I still miss 100 daily posts to achieve my one year of daily publishing challenge. The experiment is to see what goals will emerge rather than pursuing any goal rather than just writing daily. Understanding what emerges from my writing needs something simple: reading. So I want to plan reading and make sense of what I wrote to identify patterns and trends. Yes, I already know many of them by heart and maybe that’s the most useful outcome of this practice. That’s another post I am not sure I will find any value out of when I will read it again in the future.
Tag: free-flowing
Compounding Perplexity
Not compounding. That’s my problem with this daily writing thing. I learned it all about what pushes me to write, how I do it, when I do it and why I do it. And the problem is always the same. I do the minimum possible to check the box for the day. Meaning: the minimum possible in thinking. That’s what I am doing here. Trying to think as little as possible. Isn’t that the worst outcome I would desire from this challenge? If writing is thinking then this is not even writing. This is filling blank spaces. This is wasting pixels. A useless use of electricity. I am pretty sure I will hit the mark. I will write and publish one article every day for 365 days in a row, and then? Then what? What will be the value of reading, for instance, an article like this?
Alone and unproductive
Alone is good. The problem comes from remembering what we said we would have done when alone. We are masters in intentions and planning and very inefficient at doing what we said we would do in a different context. What if we wrote our intentions, ready to be read and executed when the actual context would present?

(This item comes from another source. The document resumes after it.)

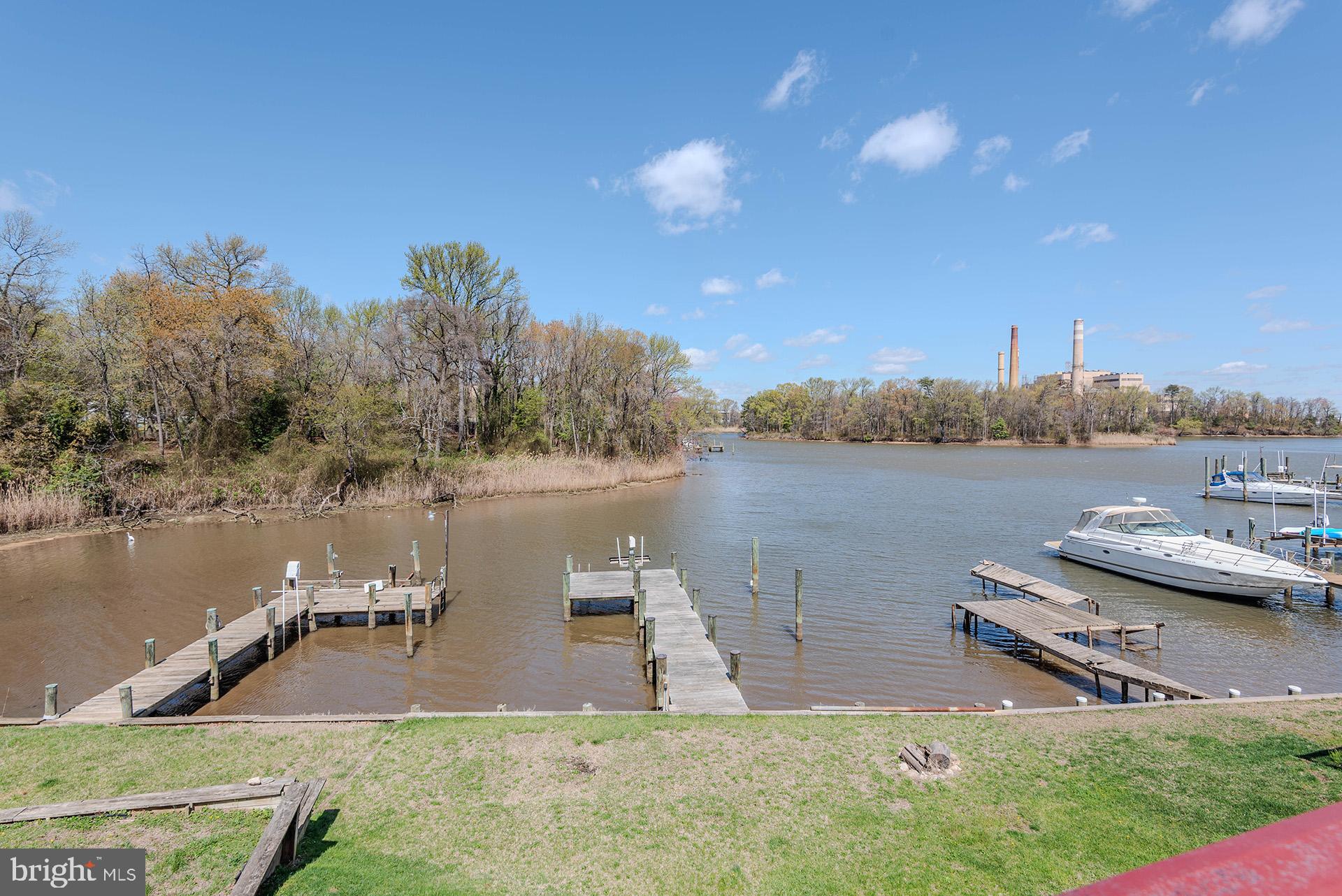CLEARWATER BEACH - Residential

Indirect delayed perception
I lay down on the bench, belly up. The sky is blue and the high leaves are gently dancing. I perceive a presence without looking. The small fountain at the center of the natural square, on top of the hill, far from the city, stopped making the musical noise of the water flowing from the tap. I hear wind blowing high on tree canopies. But the air reaches me a few moments later. There’s a delay between realizing there will be wind and actually feeling it on the skin. It’s fresh, on a hot summer day, in a secluded park. The other is reading an ebook. The first moment he stopped talking since this morning. It must be really good. I stand up and drink fresh water from the fountain. It’s almost cold. Just enough to give waves of sweet thrills. It’s a wonderful day of holiday and observing simple things makes me feel good.
Holiday is a Place Of The Mind
If you lose the innocence you had when you were a young child you cannot enjoy holiday in the same way. How can you jump for joy, again, only by hearing that you will go to the beach? Sounds, smells, emotions are tangible, you feel that electricity going through your body. It’s like ecstasy.

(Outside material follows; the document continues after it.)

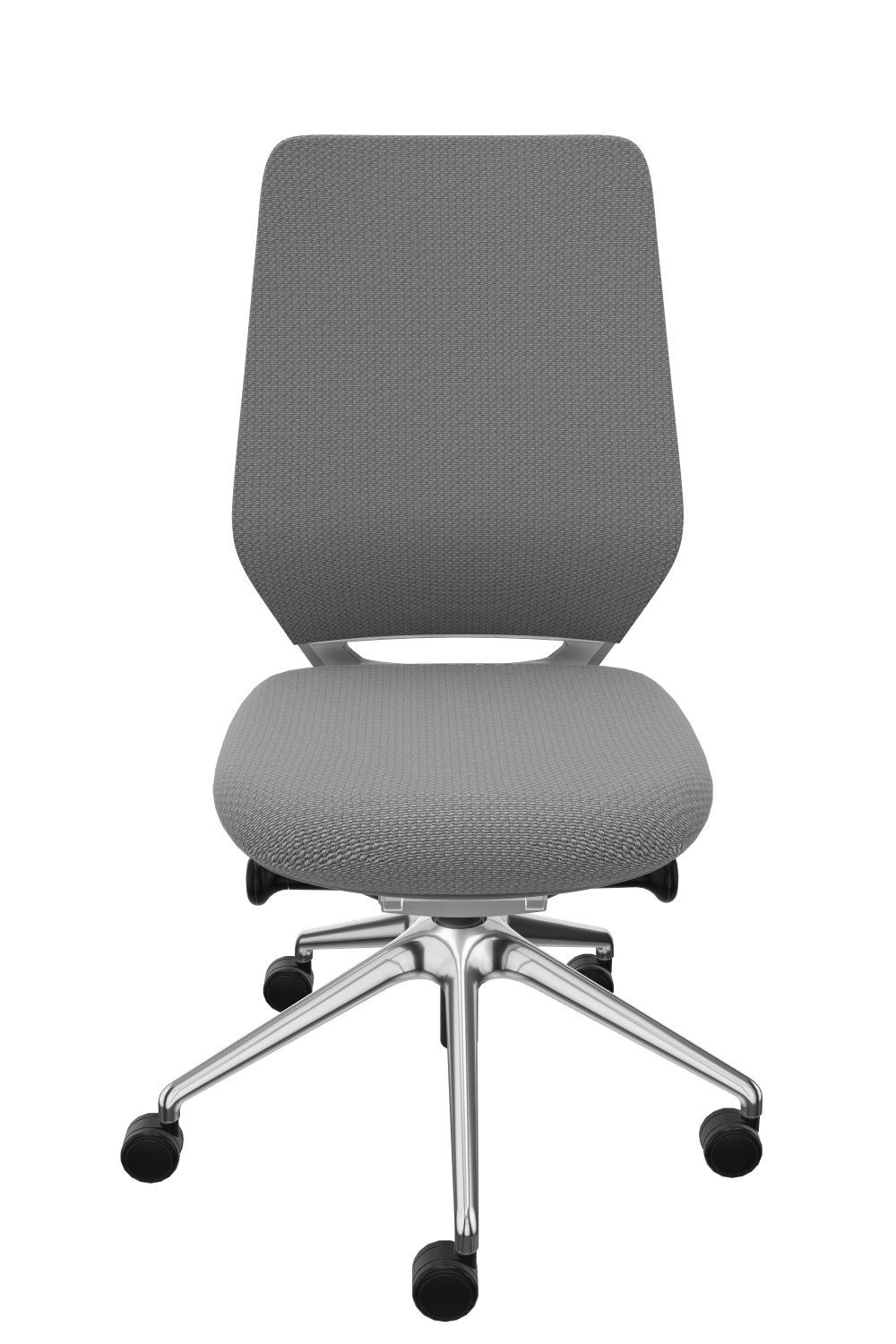 3-D Stuhl Sentiano Flex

When you’re an adult you have to fight the thoughts about the traffic jam, the heat, the innumerable boxes to carry, the hot sand. That’s pure negativity. Being happy means also remaining young at heart, meaning: in your brain. I wish I could evoke again those incredible feelings of happiness and joy of being on holiday.
(Un)willing
I really don’t want to write now. Not after 12 hours creating for work. It’s a well established pattern of putting anything possible in front of this daily task. By tiring myself, my body, and depleting all great energy I have in the morning I am ensuring the worst performance possible when, then, at the end of the day, I write these tired notes. It’s really me fighting another version of me. I want to write but I don’t’t want to write. Both of them are alive and fighting all the time.
But today, my dear opposite me, I won.
Drive Away to Refresh Your Mind
Changing place helps changing perspective. Although we always can bring our digital world with us when you are on the move you are forced to be more creative. Finding the right route, the right destination or just a place to eat gives you different stimuli than jumping to another hyperlink. Moving should be a recommended activity to become more creative. Turning off the usual thinking patterns when working facilitates ideation and elaboration of our past experiences. While a nice and long walk is a good way to augment your brain, and your health, driving away from home, even for only a couple of days disrupts the lazy old comfortable ways of thinking and gives us a refreshing wave of novelties. Get lost, it’s good.
Backup is Sending Objects To The Future
When you make a backup copy of something you are saving it for your future self. In the present, you want to save your work and keep it safe. But why? When will you need it again, in the future? That’s the intention, the procrastination, you are making a statement, you are giving shape to matter and space to keep a snapshot of your artifacts because they might be needed. What happens when after years or decades you have to access your copies? Are they still intact? Did they keep the slice of your past as you intended? Are you able to retrieve the information you saved? Is it easy to understand what’s inside? Do you have the technologies and the means to physically access it? Making a backup of your data is like sending an object to the future, you need to state a clear intention in your saving and take care of its accessibility when and if needed.
Immune
Becoming immune doesn’t mean avoiding or rejecting alien things. It’s the opposite, it means being completely immersed in them and developing an immune response.
For those things we cannot avoid, reject or prevent to be immersed with, we need to develop our immune system.
The Cost of Relocating Hoarded Stuff
When we think about relocating we’re forced to inventory our lives. We evaluate each object in our possession for utility. If we love to buy books and less to read them we would doubt our decision-making capabilities in terms of buying them. All those small items accumulated for a potential occasion that never presented itself will again be judged against this vague future. In the meantime, dozens of boxes get full of memories, opportunities never taken, books never read, gifts never used. When we have to pay the money needed to move those things we understand the real value of our hoarding attitude. We pay for an improbable future, shy desires, and forbidden dreams.